### HOW TO COMPLETE THIS TASK
Restate, exactly as written, the entries below from the line that holds "Papa Francisco lava" through the line that holds "Dimineața pe doi". Pictures are not part of the copy.

### DATA
________
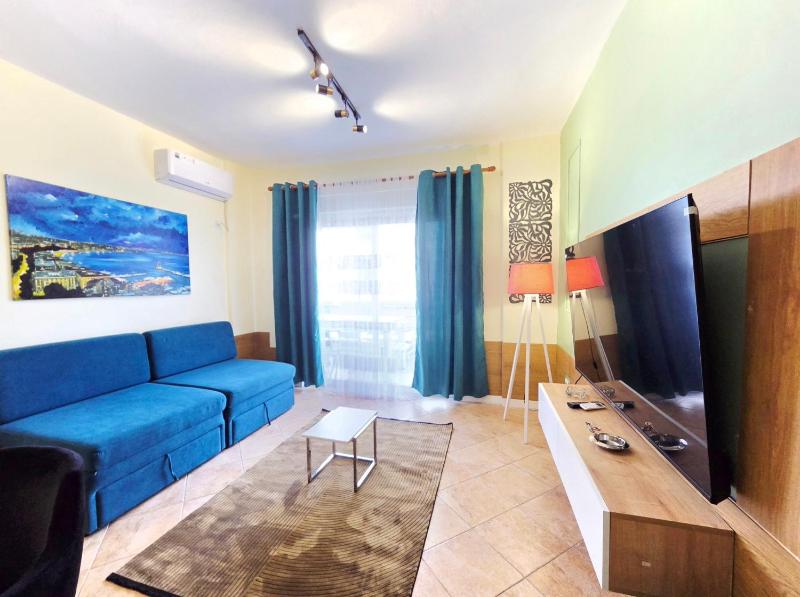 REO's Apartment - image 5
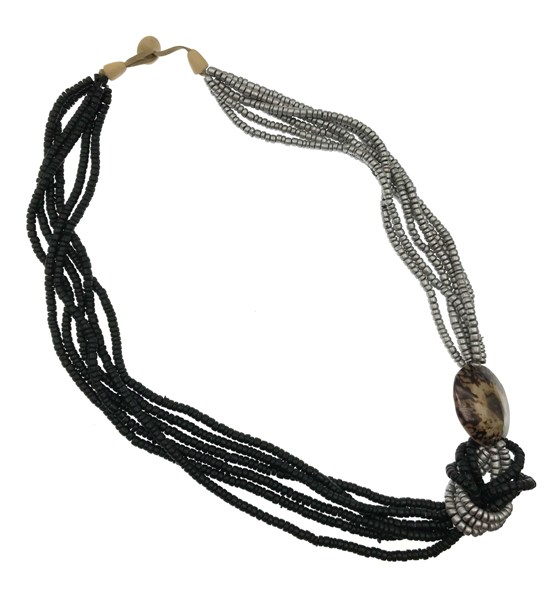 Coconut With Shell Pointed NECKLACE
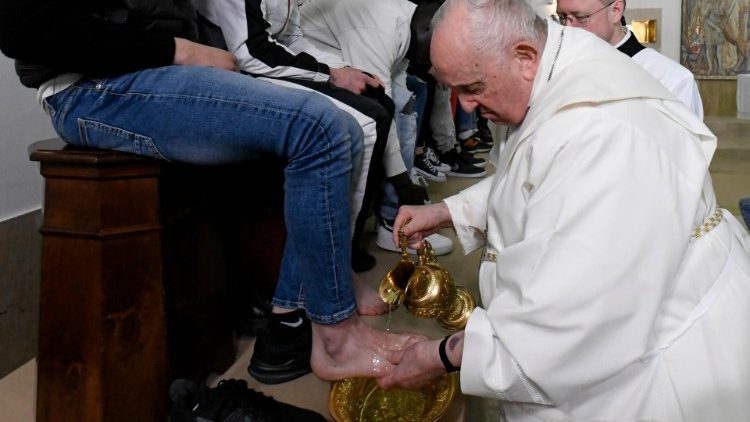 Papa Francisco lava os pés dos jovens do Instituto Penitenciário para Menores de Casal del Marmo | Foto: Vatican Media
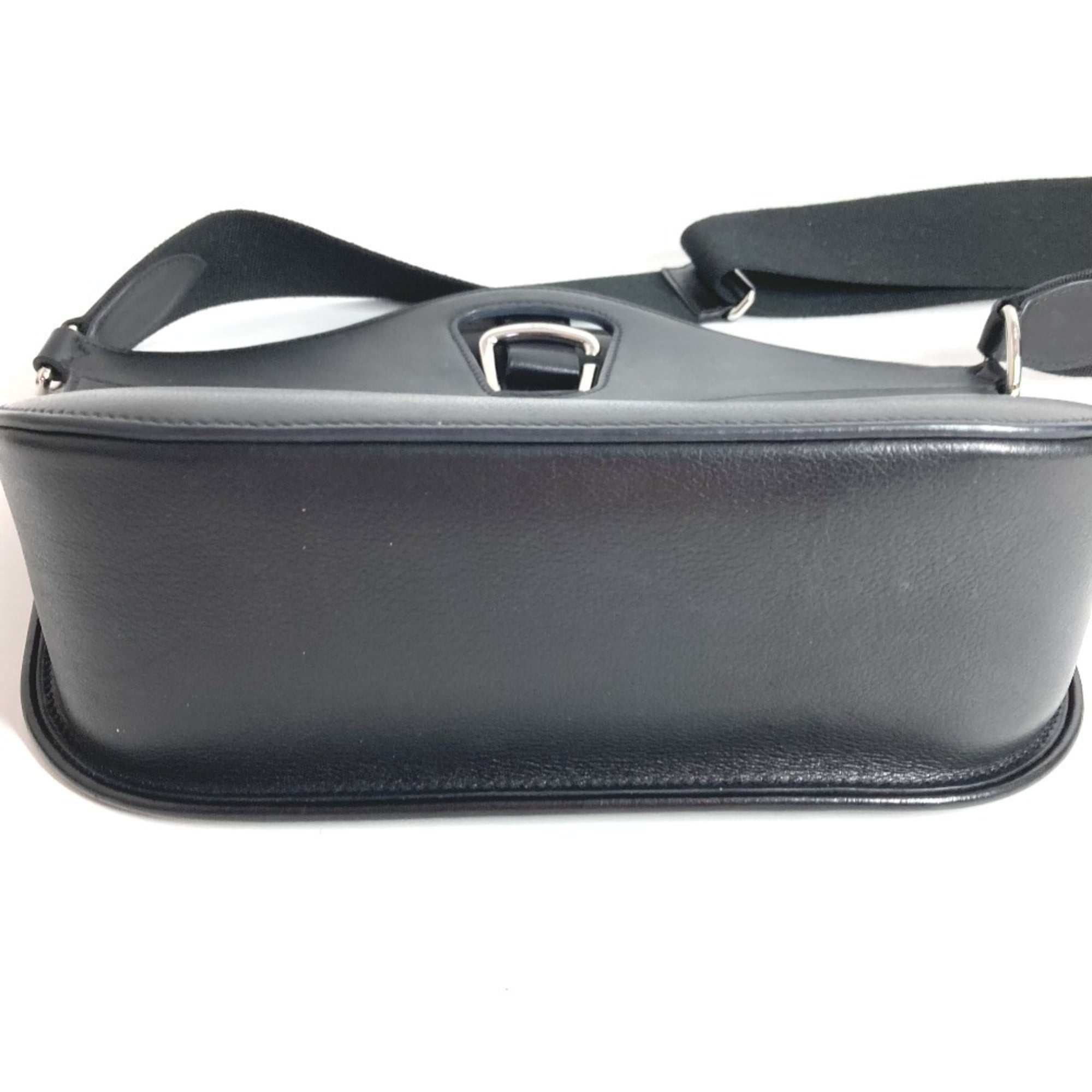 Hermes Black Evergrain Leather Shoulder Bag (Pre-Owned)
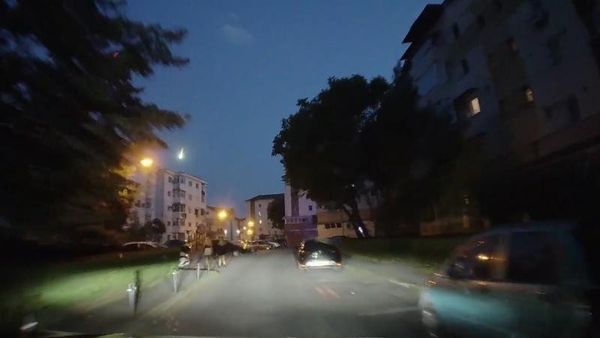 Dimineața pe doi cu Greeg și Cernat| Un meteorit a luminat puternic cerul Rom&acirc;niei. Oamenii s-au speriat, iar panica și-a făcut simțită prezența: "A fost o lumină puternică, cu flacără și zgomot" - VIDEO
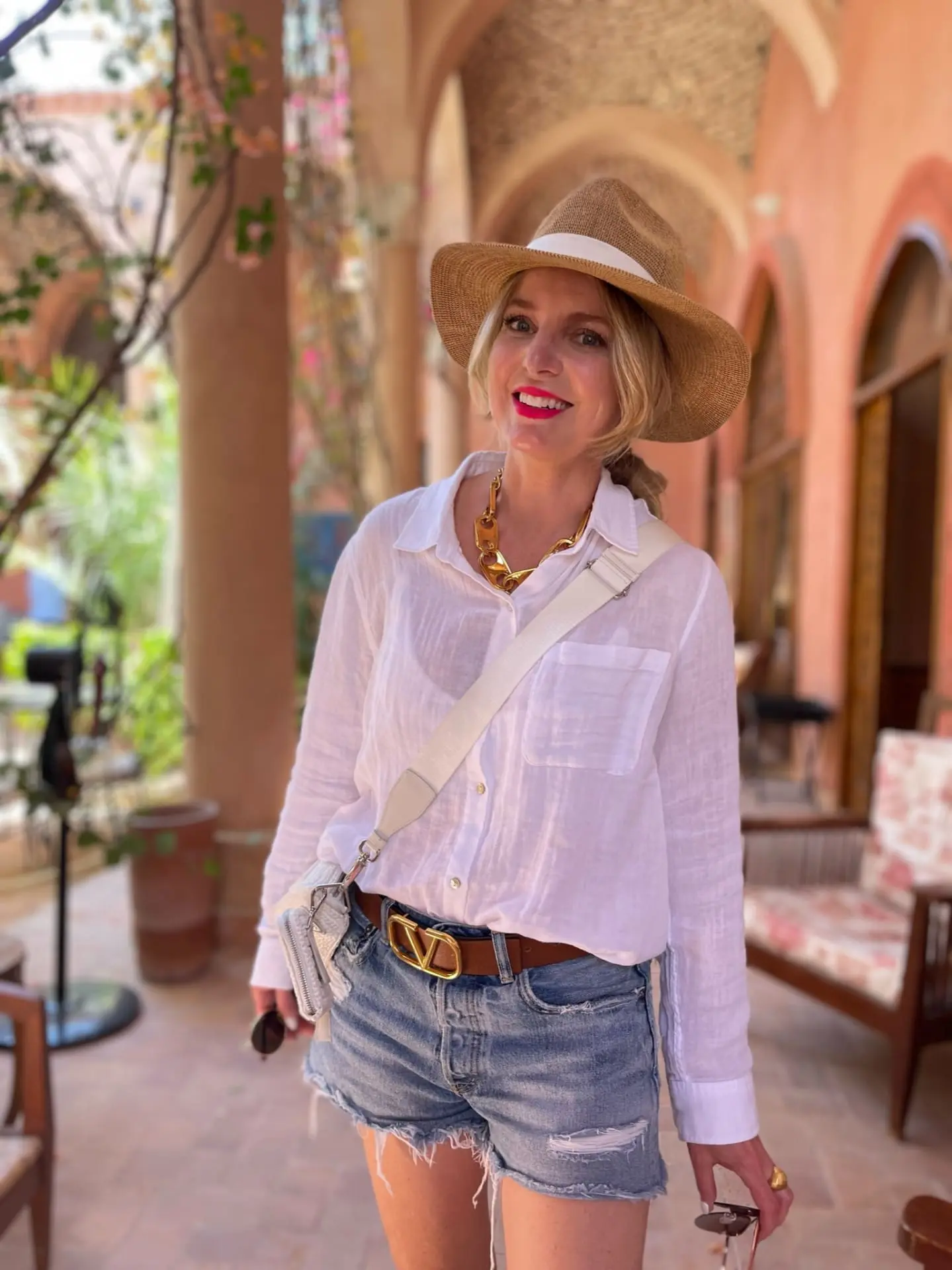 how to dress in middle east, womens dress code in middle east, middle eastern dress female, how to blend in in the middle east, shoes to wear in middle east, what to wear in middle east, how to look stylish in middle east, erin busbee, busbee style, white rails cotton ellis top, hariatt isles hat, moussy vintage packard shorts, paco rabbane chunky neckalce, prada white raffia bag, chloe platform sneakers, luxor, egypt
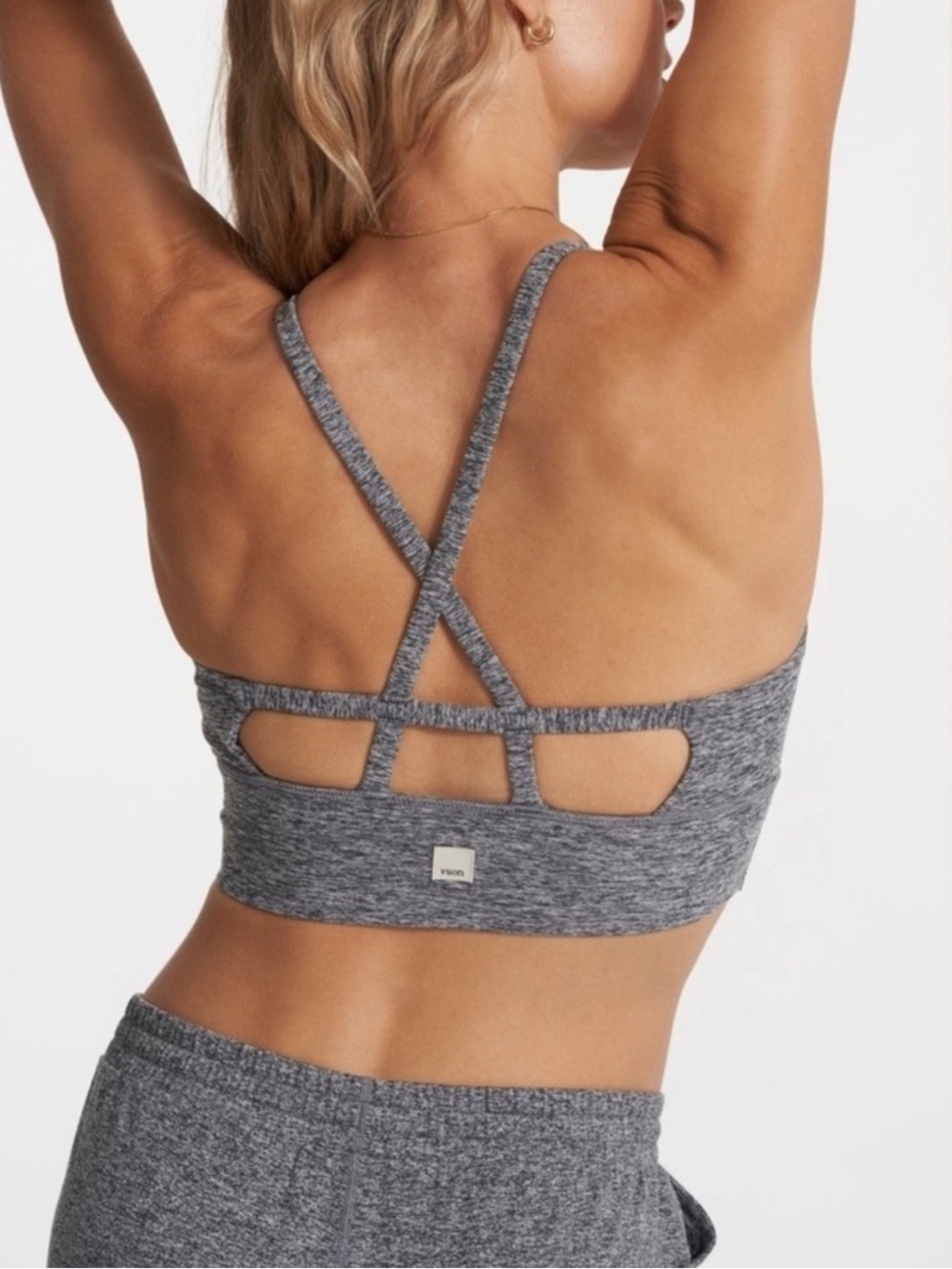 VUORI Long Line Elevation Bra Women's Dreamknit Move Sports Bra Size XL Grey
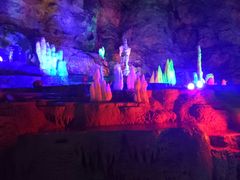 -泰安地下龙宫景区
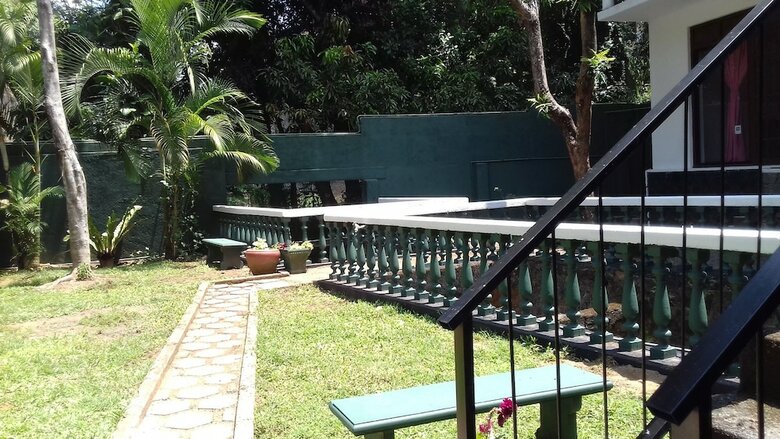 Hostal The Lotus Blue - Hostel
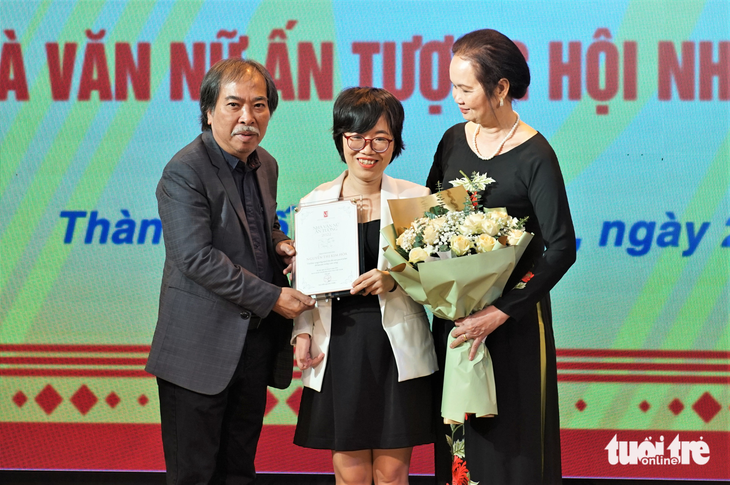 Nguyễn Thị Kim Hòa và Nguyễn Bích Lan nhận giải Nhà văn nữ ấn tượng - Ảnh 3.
________
### TASK RESULT
 Papa Francisco lava os pés dos jovens do Instituto Penitenciário para Menores de Casal del Marmo | Foto: Vatican Media
 Hermes Black Evergrain Leather Shoulder Bag (Pre-Owned)
 Dimineața pe doi cu Greeg și Cernat| Un meteorit a luminat puternic cerul Rom&acirc;niei. Oamenii s-au speriat, iar panica și-a făcut simțită prezența: "A fost o lumină puternică, cu flacără și zgomot" - VIDEO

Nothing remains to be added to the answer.